[jira] Issue Comment Edited: (JENA-29) cancellation during query execution

Paolo Castagna (JIRA) Wed, 16 Feb 2011 12:46:47 -0800

    [ 
https://issues.apache.org/jira/browse/JENA-29?page=com.atlassian.jira.plugin.system.issuetabpanels:comment-tabpanel&focusedCommentId=12995505#comment-12995505
 ]


Paolo Castagna edited comment on JENA-29 at 2/16/11 8:44 PM:
-------------------------------------------------------------

We (@Talis) run a few public SPARQL end-points and we want to protect our 
machines from people running very expensive queries. Cancelling or timing out a 
long running is therefore very useful to us and we currently do it using a 
separate thread via a Callable and an ExecutorService which gives us a Future 
object which we use it to set a timeout calling get(long timeout, TimeUnit 
unit).

If one of the QueryExecution.execX() methods fail to return within the timeout, 
we send back an HTTP 500 error code and call QueryExecution.abort(). Once we 
start streaming back results (i.e. an HTTP 200 status code has been sent to the 
client) we never timeout or
interrupt.

Typically, we see timeouts for large CONSTRUCT or DESCRIBE queries. It's rare 
we timeout a SELECT query, unless it has a large sort (i.e. ORDER BY). In this 
case, we timeout. However, even if we send the HTTP 500 error code back to the 
client, the thread running the sort will continue until completion (wasting RAM 
and resources). This is where we would greatly benefit from JENA-29 or 
JENA-29+JENA-44.

We do not want or need to send partial results to people. We expect this to be 
very confusing and even difficult to explain to users. They might fall into the 
trap that if they are searching the 20 largest cities in Europe and we send 
them only 10, those 10 are the first 10 largest cities in Europe while in 
reality they might not even be in the first 20.

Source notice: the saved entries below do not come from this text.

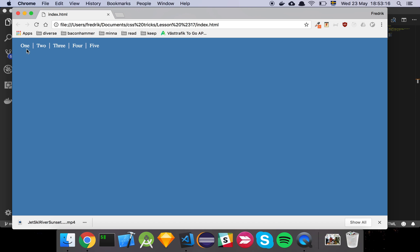The way that you might consider solving this sort of problem is to say that all these list elements, just give them a border right of white and make it solid, like two pixels or something of that nature.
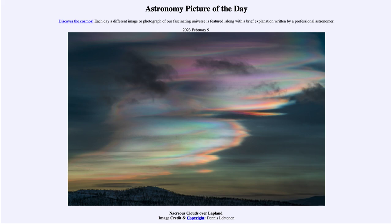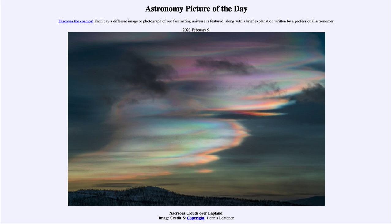These are interesting because they form in a different part of the atmosphere — in the lower stratosphere, which usually does not have clouds. But when you have unusually cold temperatures there, you can get ice crystals, and when ice crystals form there it gives us these very distinct clouds. They are at very high altitude, maybe 20 kilometers above the surface of Earth, meaning they are still in sunlight even though the sun has already set.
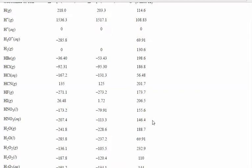These numbers will change from table to table, not by much — in another table this might be 130.5. It depends on how recent the table is, and tables are constantly being updated as experiments improve. So when you do your homework, if it doesn't match my answers exactly, it's because we may be using a different table. If the difference is in the hundreds, there's a bigger issue; if it's just one decimal place, you're probably doing it the right way.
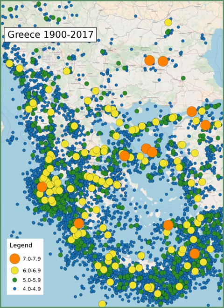In mainland Greece, normal faulting gives earthquakes up to magnitude 7, while in the northern Aegean, strike-slip events with a magnitude of 7.2 have been recorded. Large intermediate depth earthquakes of magnitude greater than 7 from within the subducting African plate have been recorded, but such events cause little damage, although they are widely felt.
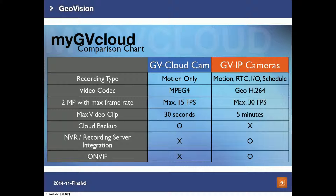Here is a comparison chart between GVCloud Cam and GVIP cameras. For GVCloud cameras, it records by motion, supports only one video codec, the maximum FPS for the 2 megapixel camera is up to 15, the maximum video clip is up to 30 seconds, and it does not support NVR recording server integration or ONVIF.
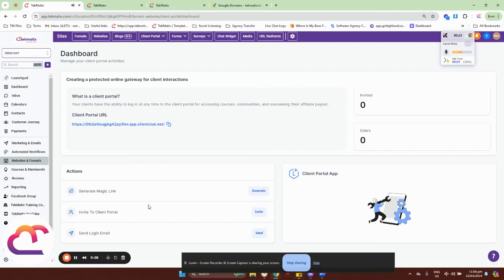Hey guys, in this tutorial I'll show you how you can update your Client Portal link.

Being able to set a timeout directy in ARQ seems useful and it potentially 
removes the need for a separate thread. However, what the timeout exactly 
represent? Is it the time to get to the first result? Or what? If it's not the 
time to get to the first result, will it be possible to cancel/reset a timeout 
once it has been set and the query execution has started?

Finally, a few (personal) comments:

@Andy: "Timing out a query is (I think) going to be the #1 use case."

It is for us at Talis.

@Andy: "It might as well be possible to set/reset during query execution."

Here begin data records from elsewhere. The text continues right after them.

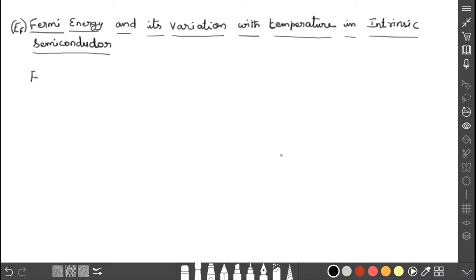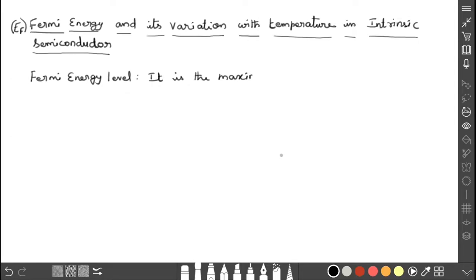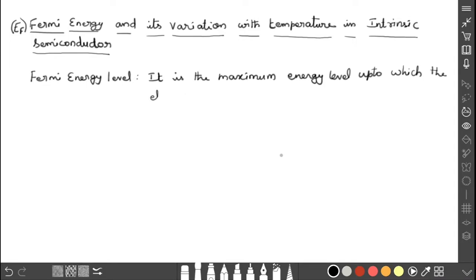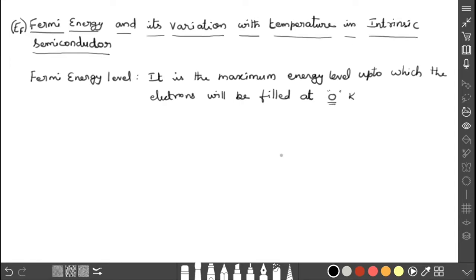What is meant by Fermi energy? We have discussed this in previous videos, but let me explain once again. Fermi energy, represented by E_F, is the maximum energy level up to which the electrons will be filled or occupied at zero Kelvin.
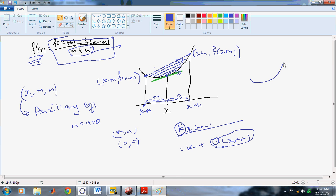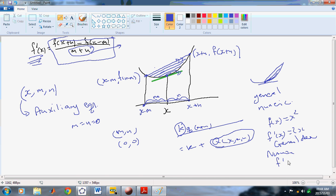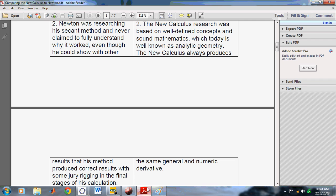One thing about the New Calculus is that the derivative is the same regardless of whether it's a general or a numeric derivative. In Newton's calculus, the general derivative is not the same as a numeric derivative. For example, if f of x is equal to x squared, then f-dash of x equals 2x is called a general derivative. An actual numeric derivative is something like f-dash of a, where a is some actual value. If a was 1, then f-dash of 1 is 2. That's a numeric derivative — that's really the difference between a general and a numeric derivative.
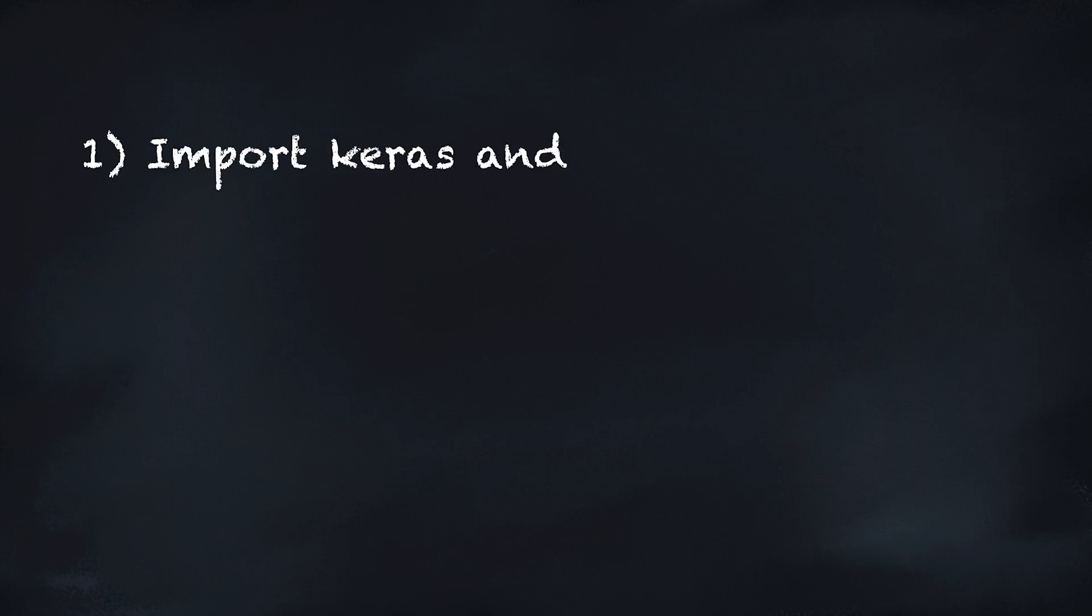Welcome to Nuggies. In this short video, we're going to create and train a deep learning model in Keras. In order to create our Hello World of Deep Learning, we're going to first import Keras and define some parameters.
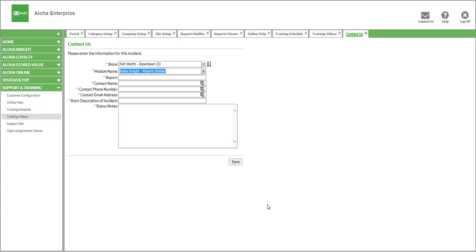So that was a quick look at the GL integration process using Aloha Insight. We'd like to thank you for your time, and best of luck on building your reports.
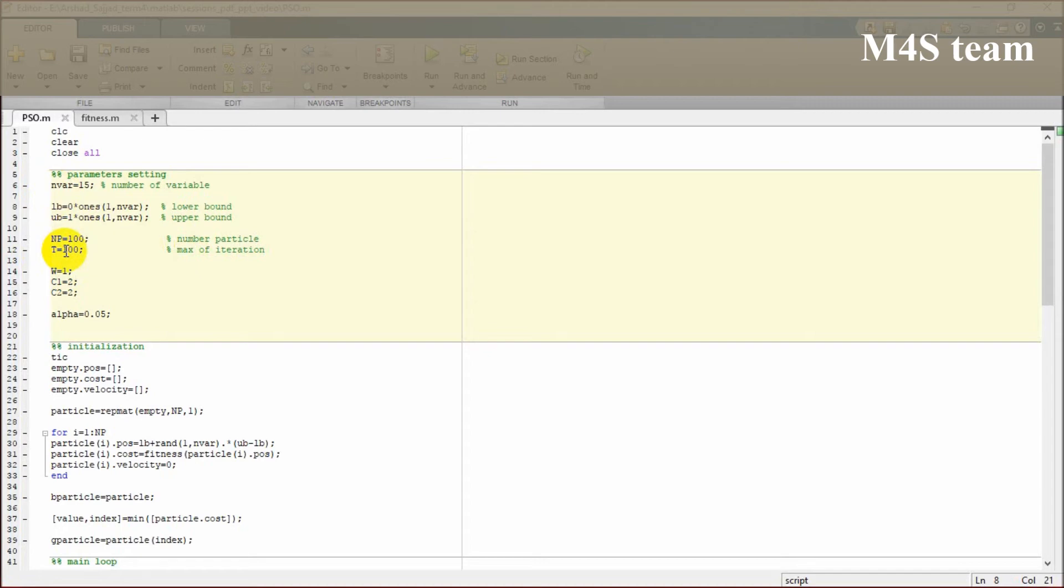The number of population is so important to be considered, which means that the particles between the specified bounds are going to find the optimal solution. How many iterations these populations are going to find the optimal solution is determined by the maximum iteration.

Indeed. We would like to be able to foget about the timeout once we start 
streaming back a large result set.

@Andy: "We'll need to timeout on sorting and grouping as well, and maybe any 
materializing iterators."

Yes.

@Andy: 3/ Buffer - get all the results before sending any, then the HTTP status 
code can be set. (3) is ideal functionally but looses streaming.

Yep. Ideal functionally, but not in practice with limited resources and 
multiple concurrent SPARQL queries.

@Stephen "I argue that there should be no expectation of returning any results 
that might be "queued up" in an iterator after cancellation has been requested."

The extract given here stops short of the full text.